== The task ==
All entries below must be output word for word, and the pictures left behind.

== Information given ==
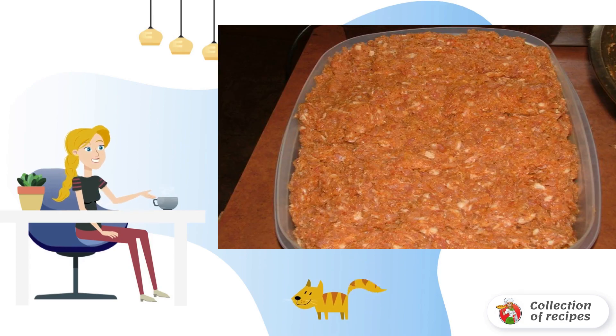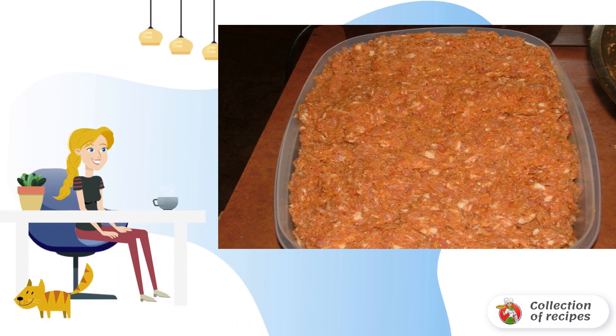Add powdered milk to the finished minced meat and mix thoroughly. Pour in the breadcrumbs and a little water so that the minced meat is not too dry. Minced meat should be properly kneaded and put in the refrigerator for about one hour.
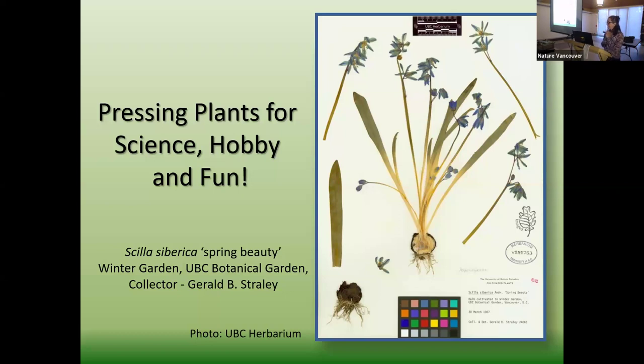Thanks everybody for coming today and also over here on Zoom. Thanks for sharing this time. I pretty much can talk about this all day long, but I will restrict myself to the time I've been allotted. I've been pressing plants for a very long time, and of course it started with pressing beautiful flowers because that starts in the very beginning. I think all of us know that somewhere in your house there's a book with a leaf in it — that is pretty much everybody. We all started with that, and I think that's a great place to start, but I do want to take it a little bit further for those who want to go there.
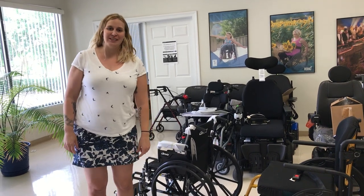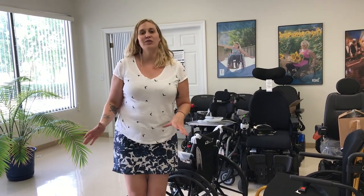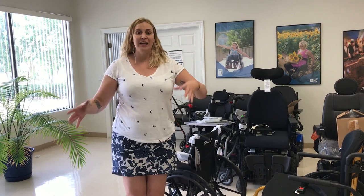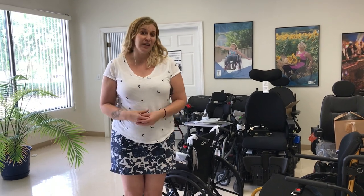Hi, this is Joy, your assistive technology professional, and today we're going to talk a little bit about manual wheelchairs. By the end of this, you should be able to tell the difference between a custom wheelchair and a standard durable medical equipment type of wheelchair. We're also going to talk about some of the benefits of a custom wheelchair.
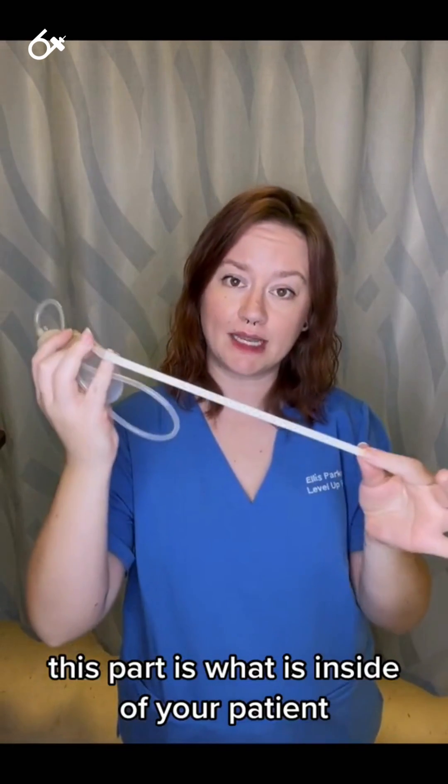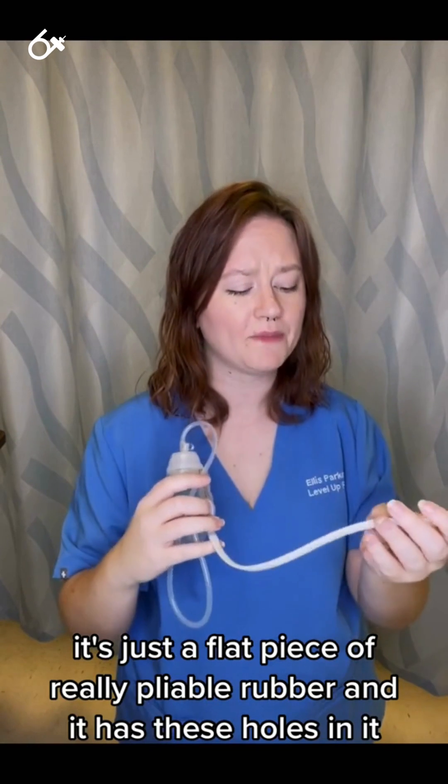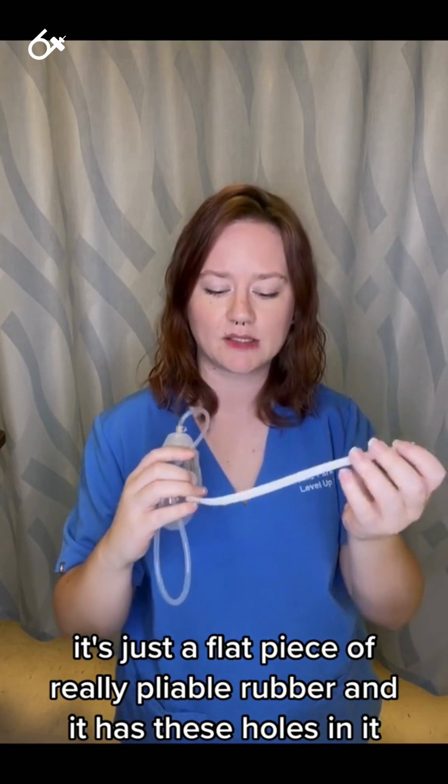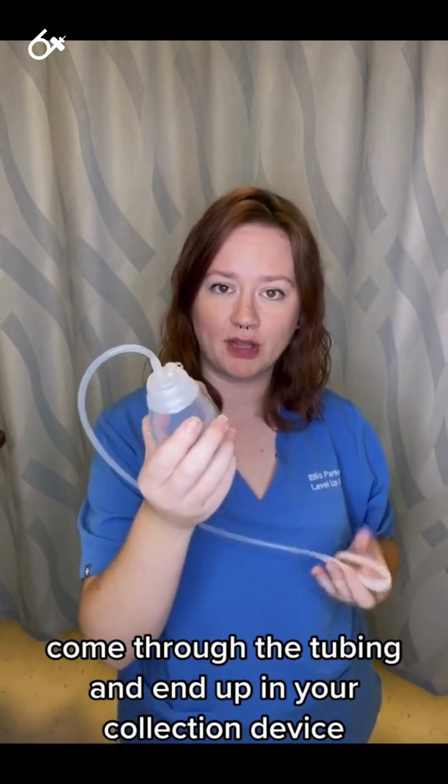This part is what is inside of your patient. It's just a flat piece of really pliable, like rubber, and it has these holes in it so that the drainage can be collected, come through the tubing, and end up in your collection device.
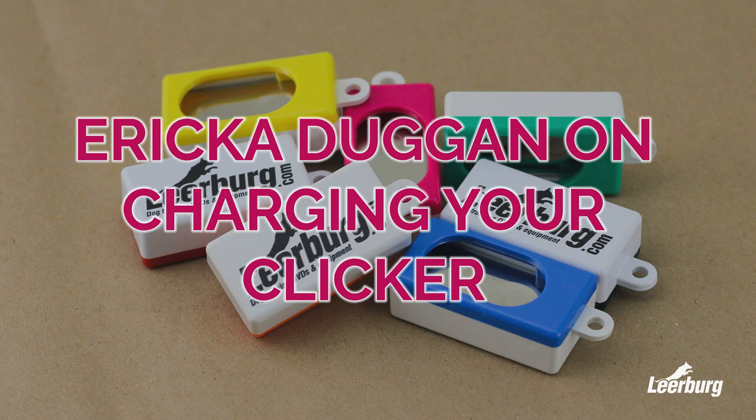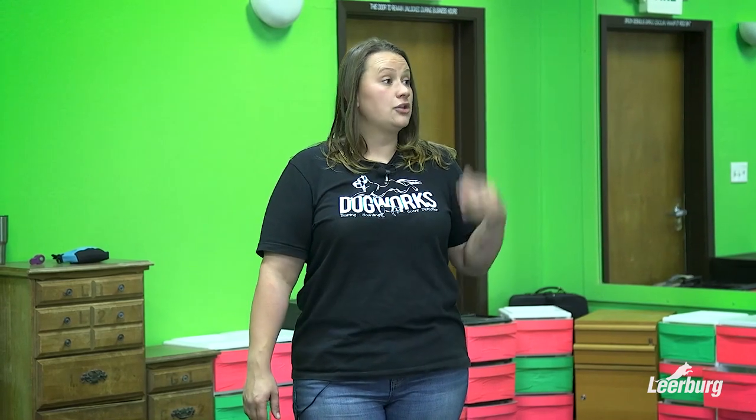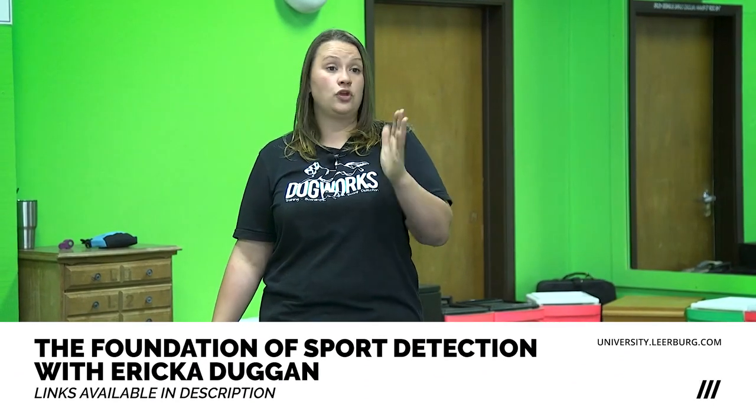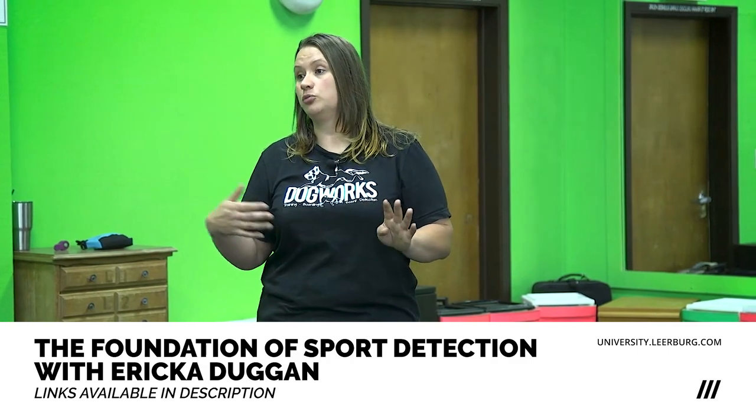The next thing I want to talk about is charging your clicker. In the beginning stages of training for detection, we are going to be using a clicker with 99% of the dogs to tell them what we want them to do and what they've done right. As you saw with my dogs I demoed with this morning, I wasn't using a clicker with them, so you'll hit a spot in training where, if you want to, you can switch over from using a clicker to your verbal marker.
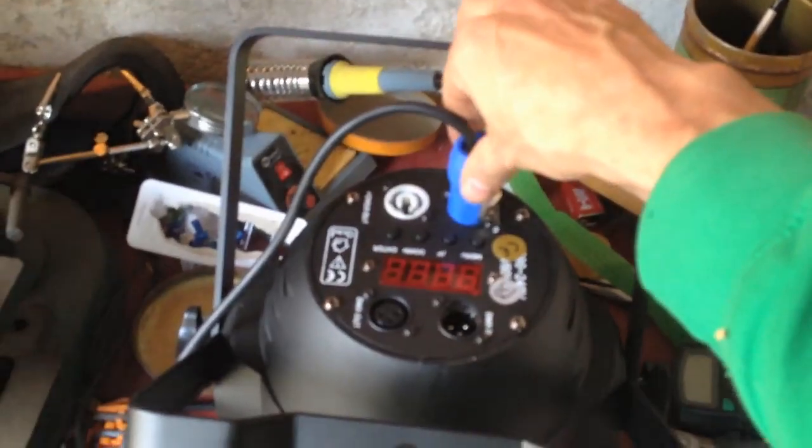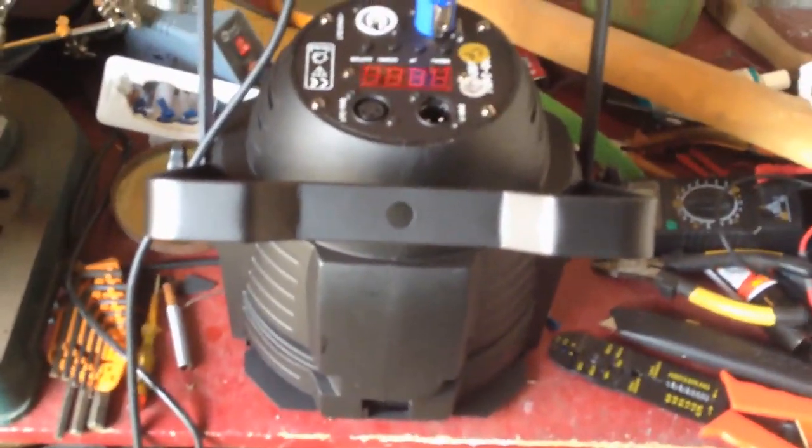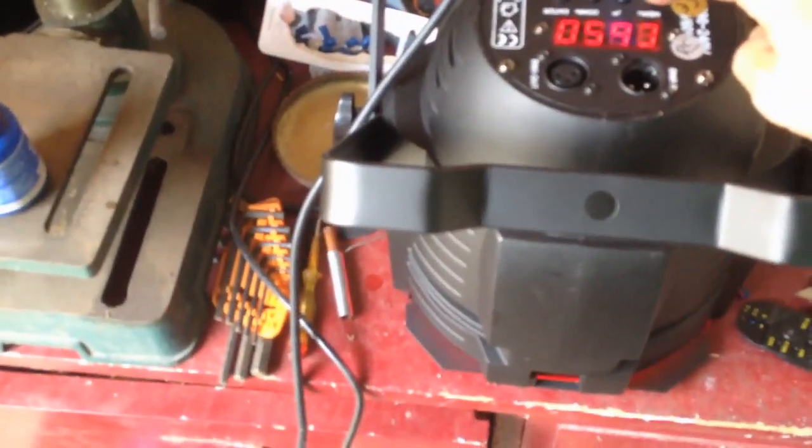Let's put it in and see if the problem's solved. It runs nice and smoothly. Let's see some of it in action.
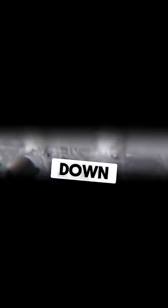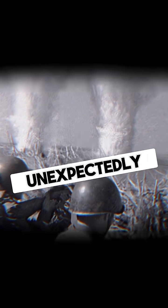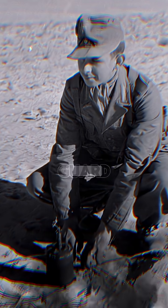But why? When placed upside down, a mine's pressure or tension mechanisms could trigger unexpectedly, especially if someone tried to lift or disarm it. This turned the mine into a deadly booby trap, catching enemy engineers off guard.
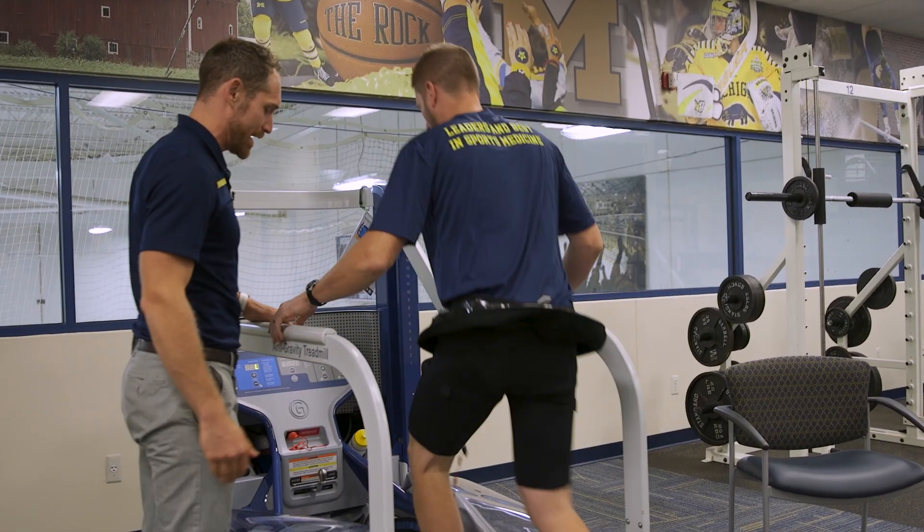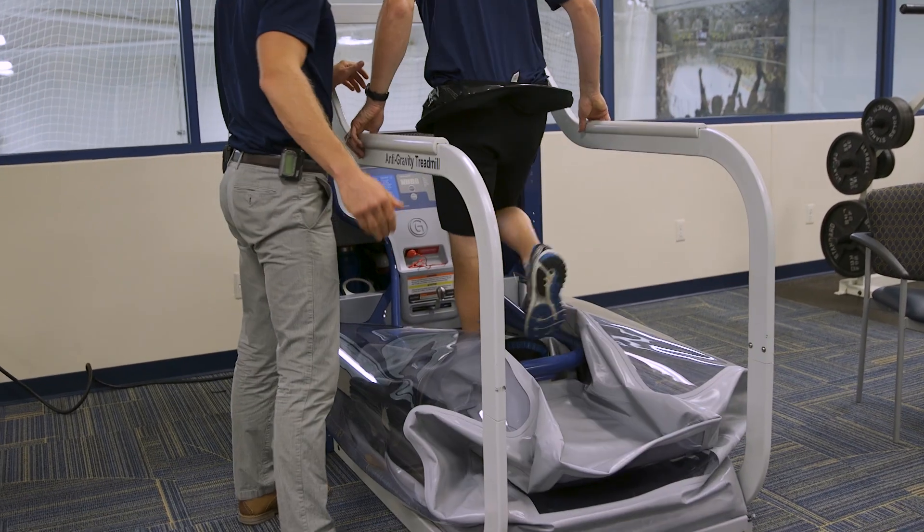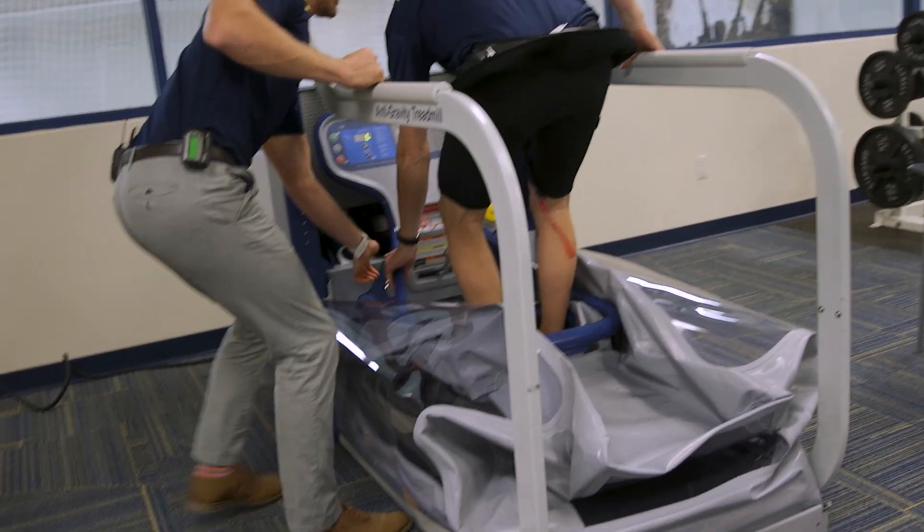They can step right on the back there, go ahead Matt, and then step into the cockpit, and then they can reach down and pick it up through the blue pipes there.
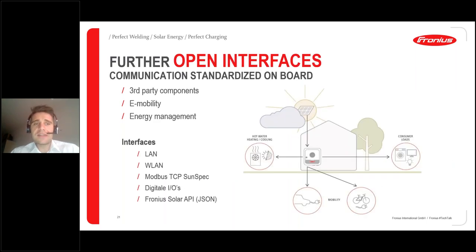Regarding open interfaces and third-party compatibility: the Gen24 Plus is our key product for sector integration, providing a wide variety of interfaces for heat pumps, hot water generation, cooling, EV mobility, and consumer loads. Intelligence is increasing and we have all of this packed into the Gen24 Plus inverter.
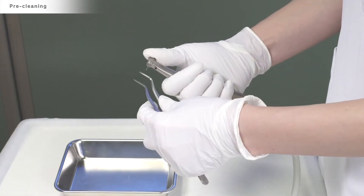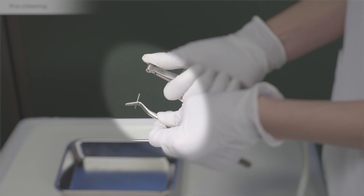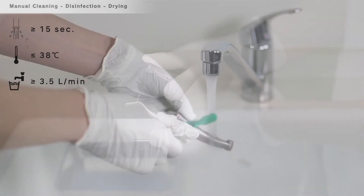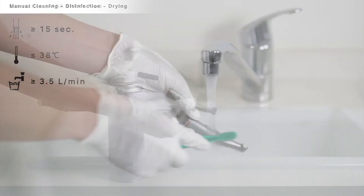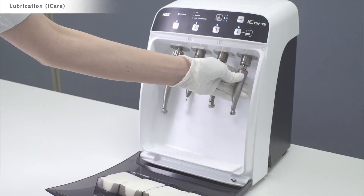Always ensure your burrs are sharp, as blunt burrs will affect the cutting efficiency. When the procedure has ended, it's important to remove the burr immediately after use and prior to removing the handpiece from the motor. Always process the handpiece immediately after use and follow NSK's reprocessing guides for cleaning, lubricating and sterilisation.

== Reply to the exercise ==
Add powdered milk to the finished minced meat and mix thoroughly. Pour in the breadcrumbs and a little water so that the minced meat is not too dry. Minced meat should be properly kneaded and put in the refrigerator for about one hour.
Thanks everybody for coming today and also over here on Zoom. Thanks for sharing this time. I pretty much can talk about this all day long, but I will restrict myself to the time I've been allotted. I've been pressing plants for a very long time, and of course it started with pressing beautiful flowers because that starts in the very beginning. I think all of us know that somewhere in your house there's a book with a leaf in it — that is pretty much everybody. We all started with that, and I think that's a great place to start, but I do want to take it a little bit further for those who want to go there.
Hi, this is Joy, your assistive technology professional, and today we're going to talk a little bit about manual wheelchairs. By the end of this, you should be able to tell the difference between a custom wheelchair and a standard durable medical equipment type of wheelchair. We're also going to talk about some of the benefits of a custom wheelchair.
This part is what is inside of your patient. It's just a flat piece of really pliable, like rubber, and it has these holes in it so that the drainage can be collected, come through the tubing, and end up in your collection device.
The next thing I want to talk about is charging your clicker. In the beginning stages of training for detection, we are going to be using a clicker with 99% of the dogs to tell them what we want them to do and what they've done right. As you saw with my dogs I demoed with this morning, I wasn't using a clicker with them, so you'll hit a spot in training where, if you want to, you can switch over from using a clicker to your verbal marker.
Let's put it in and see if the problem's solved. It runs nice and smoothly. Let's see some of it in action.
But why? When placed upside down, a mine's pressure or tension mechanisms could trigger unexpectedly, especially if someone tried to lift or disarm it. This turned the mine into a deadly booby trap, catching enemy engineers off guard.
They can step right on the back there, go ahead Matt, and then step into the cockpit, and then they can reach down and pick it up through the blue pipes there.
Regarding open interfaces and third-party compatibility: the Gen24 Plus is our key product for sector integration, providing a wide variety of interfaces for heat pumps, hot water generation, cooling, EV mobility, and consumer loads. Intelligence is increasing and we have all of this packed into the Gen24 Plus inverter.
Always ensure your burrs are sharp, as blunt burrs will affect the cutting efficiency. When the procedure has ended, it's important to remove the burr immediately after use and prior to removing the handpiece from the motor. Always process the handpiece immediately after use and follow NSK's reprocessing guides for cleaning, lubricating and sterilisation.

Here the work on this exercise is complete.